The wussiefication of society needs to end.


----------



## LetAGrlShowU

common sense = wussiefication? Each person is entitled to their opinions, though some make more sense than others. Just sayin...


----------



## bsms

Common sense doesn't dictate wearing a helmet during WP. You would be safer wearing your riding helmet every time you got in a car or walked along a city street, but would that qualify as "common sense"? Should you wear a shoulder protector during WP competitions?

Please show me the statistics that indicate riding WP in competition is more dangerous than having a spectator DRIVE to the competition.

I understand helmet use. I pointed out that I wear a helmet. But if I was competing in an event that was supposed to show how totally relaxed and in control my horse is, I wouldn't wear a helmet, back protector, knee pads or bubblewrap.
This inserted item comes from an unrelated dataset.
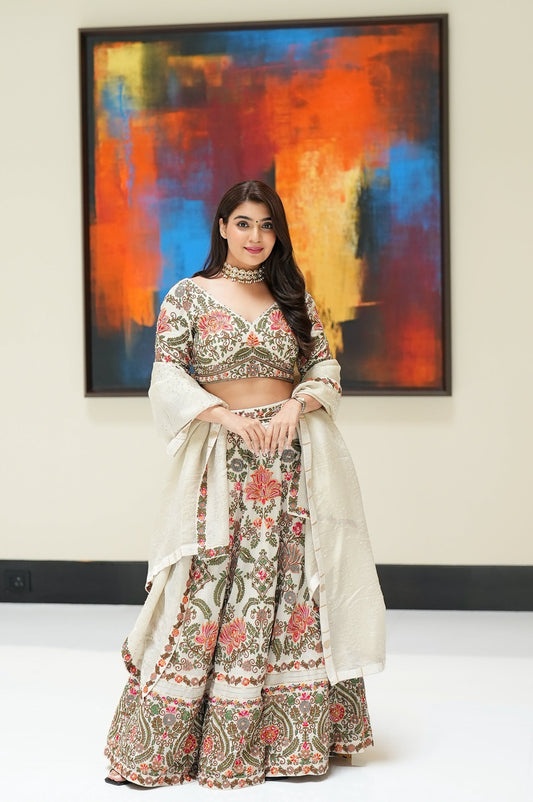 Ivory Slub Silk Embroidered Thread V Neck And Sequin Bridal Lehenga Set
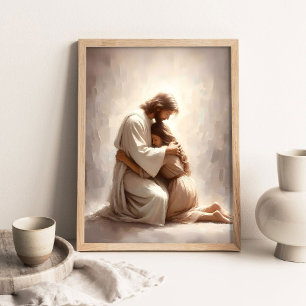 Él te ama, Arte Cristiano, Jesús abrazando a una m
At lower levels, it is different. The horse is gaining experience, and it is reasonable to cut some slack.


----------



## farmpony84

I asked in the show office at an AQHA show if it would be ok to where a helmet western and they said "Absolutely, in fact we would encourage it". I did not where it but I don't believe they would have taken off for it.


----------



## TristaJean

Welp.
A wild opinion appeared.
Weapons:
- your opinion is wrong
- insults
- oh well, your opinion is different

You chose to use: Insults!
-0 HP

*battle music begins*
_Posted via Mobile Device_


----------



## GoAppendix

I think the fact that the OP's horse has "spazz problems" is much more likely to influence their placings than whether or not she wears a helmet.


----------



## DoubleS

I somewhat agree with bsms on "wussiefication"... (LOL! love that vocab)
I mean, I'd have no problem riding my trainers bombproof pleasure horses helmetless, because the chance of them spooking or spazzing out is extremelyyy looowwww... However, riding my more spunky pony; I'd rather wear the helmet than take the chance. He's had this habit of rearing when we enter the ring (ring sour) and he's a bit buddy sour yet too, and although it's getting way better, I'd rather not risk it. :lol:


----------



## ~*~anebel~*~

Helmets DO NOT make you safer when riding. They do not prevent the chance of a spook or fall. They are simply risk mitigation, they ONLY work if your horse spooks and then you fall off.
Safety measures include: riding within your ability, knowing your limits, desensitizing your horse to scary objects and situations and taking lessons to improve your riding skills.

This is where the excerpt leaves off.